The shake up to the insurance industry
In 2011, I was in New Zealand when the devastating earthquakes hit. It’s not everyday someone can say they navigated something like that. Aside from the impact of the natural disaster itself was the spiralling financial disaster that followed. Some insurers simply did not have the reserves for a large scale catastrophe loss such as an earthquake flattening most of the city. Christchurch was also not considered a high risk area for earthquakes.
What was happening prior to the earthquakes however, was the lack of good risk culture and the rush to write business profitably rather than sustainably. The earthquakes exposed large scale gaps in what the risk was assumed to be, and what the risk actually was. Business owners, home owners, and the government sector had far exceeded any projected estimates for direct and consequential loss. Liquefaction also meant entire suburbs were no longer on stable land. Bexley for example, a suburb in Christchurch looked much like a horror scene from a dystopian future. It was decided to not rebuild here, because the land could not be stabilised.
By the time I began my career, the insurance industry was well and truly in reactive phase, and still very much reeling from this loss. It was impossible to get property insurance without every piece of business essentially being re-written. There were several tough discussions with property owners with buildings that were constructed 1930s or prior and suddenly a very simple process would take weeks. The cost of purchasing insurance was suddenly very different.
The government intervention after the disaster mandated rebuilding with resilience and stricter code on infrastructure and housing.

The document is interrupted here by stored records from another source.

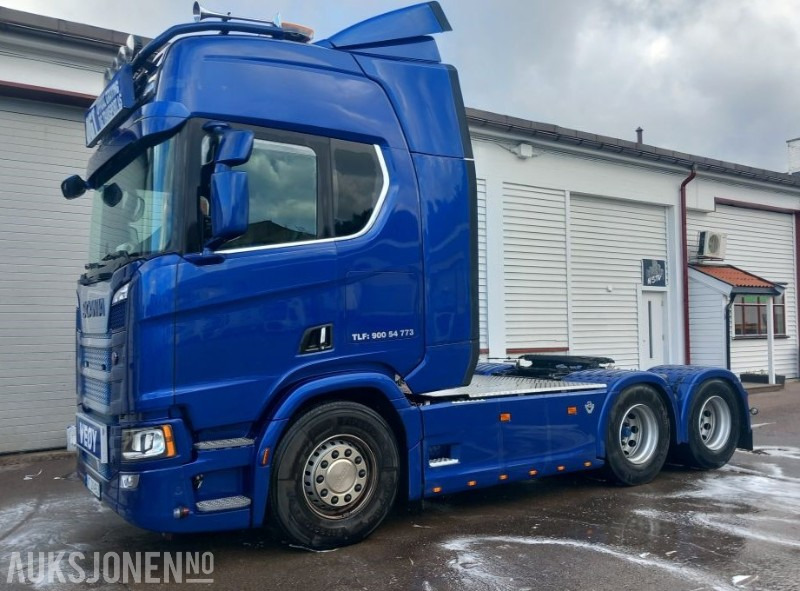 2023 Scania R590 6x2 trekkbil / trekkvogn EU-godkjent - Trekker: afbeelding 2 2023 Scania R590 6x2 trekkbil / trekkvogn EU-godkjent - Trekker: afbeelding 2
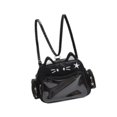 thumbnail image 5 of yuksok Cat Ita Bag Clear Window Crossbody Purse for Anime Display Pin Display Party Black, 5 of 9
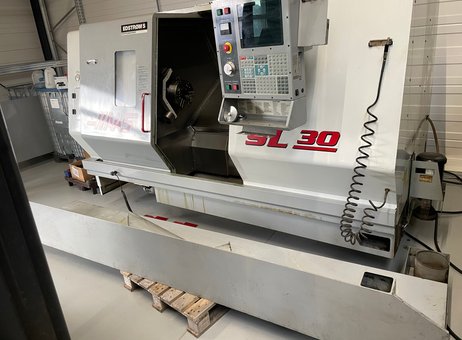 Токарный станок HAAS ST-30 cnc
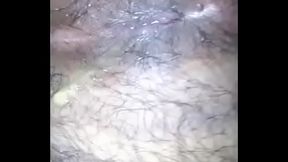 Me dejo toda su leche adentro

The added layer being that Christchurch was not a city of significant risk for earthquakes- stricter building code and compliance work was never previously required or factored in to construction costs. Which meant that claim costs to rebuild were significantly higher than what had ever been modelled.

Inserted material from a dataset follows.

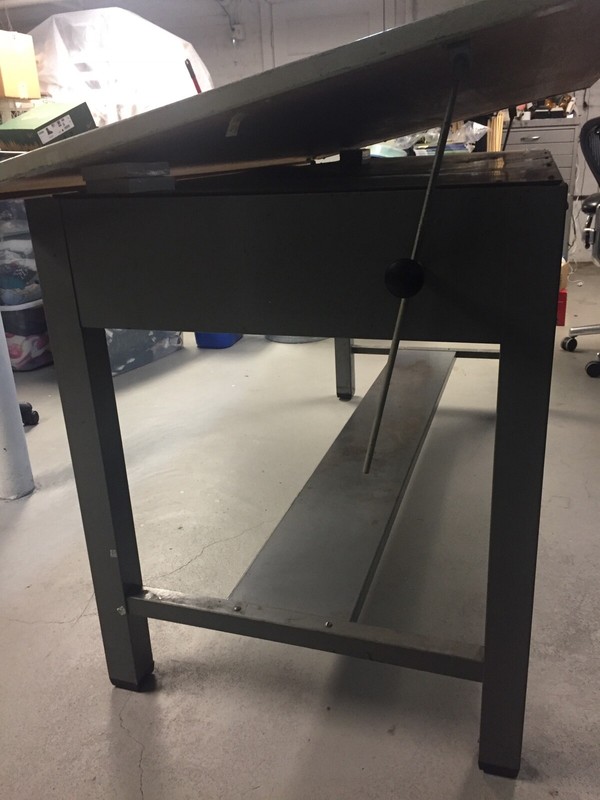 Mayline Drafting Table Italian Made Drafting Chair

It would have been short-sighted to think of rebuilding according to any previous standards as feasible, even from a claim cost mitigation perspective.

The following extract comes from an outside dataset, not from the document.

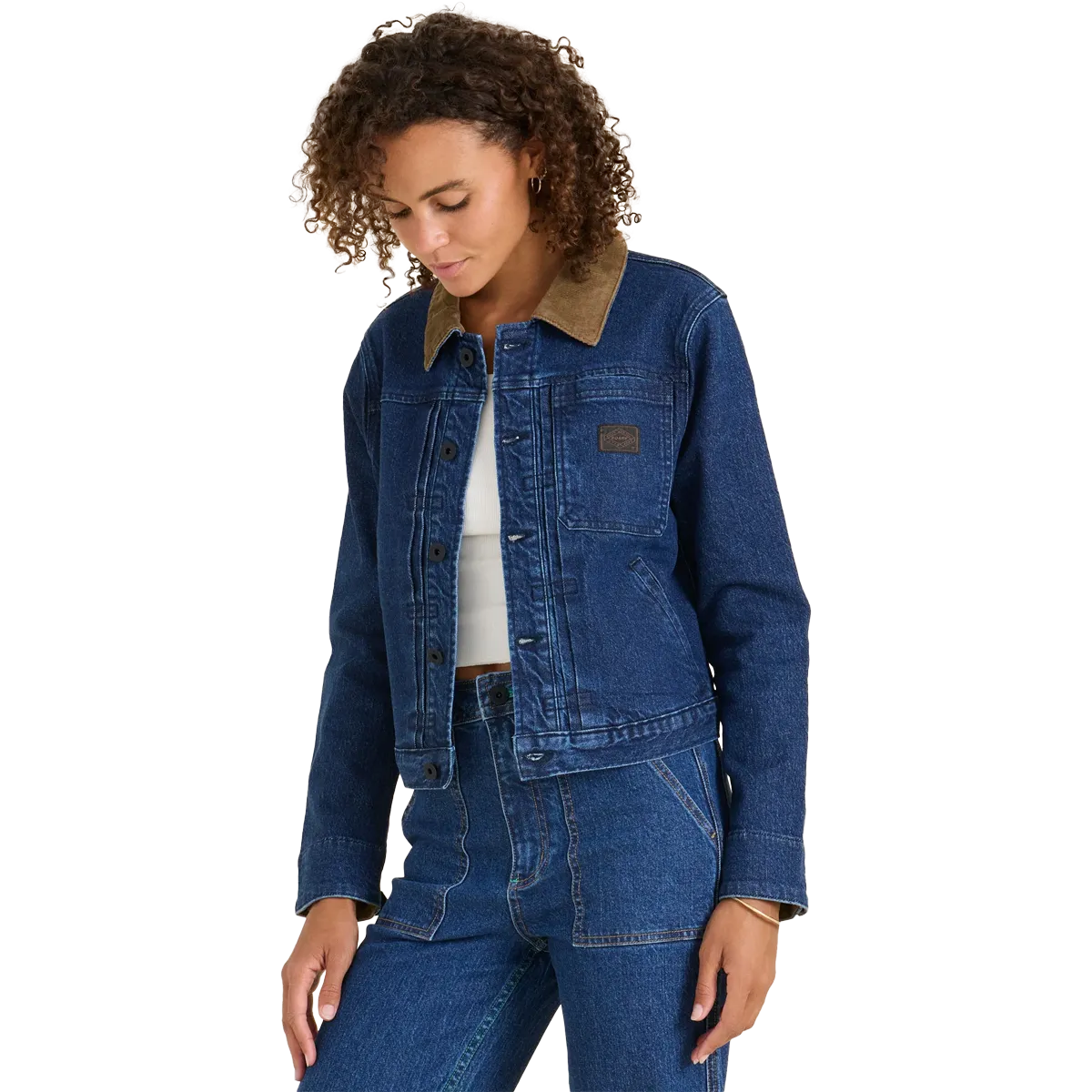 Women's Open Roads Denim Jacket SiliconeGrip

What all of this ultimately trickled down to, was an increased cost of insurance for the consumer in effect.
New Zealand is essentially halved with a fault line running straight through the middle of the South Island. In fact it’s in the “ring of fire” which also runs through Japan and is geologically significant for seismic activity. Why Christchurch was not also considered a risk and stricter building codes not enforced, is something I cannot personally fathom, considering the building code in Japan had been of a significantly higher standard for similar geological circumstances. New Zealand is a fairly new country historically so perhaps there was no recorded history of earthquakes in Christchurch. The information about the geological significance of New Zealand however, was not new. Why building and risk assessment standards were not modelled from other geologically significant countries is not something I can answer.
What this does show is that the rising cost cannot be attributed to government intervention alone. There is an emerging need to understand evolving risk due to geographical or climate factors and taking accountability for the financial impact large scale losses have by ensuring we are modelling our data from the most up to date information.
Instead of waiting for large scale catastrophe losses to occur, and looking at historical claims data, the industry needs to better protect its future by being proactive. This could be investing in better infrastructure to better support the use of scientific data in risk analysis. It could mean an investment in multidisciplinary staff so that the industry can be as agile as it needs to be. By modern standards however, the industry is yet to realise the old way of risk analysis is not working for us. We fail to recognise the importance of our own exposure if our methodology does not evolve.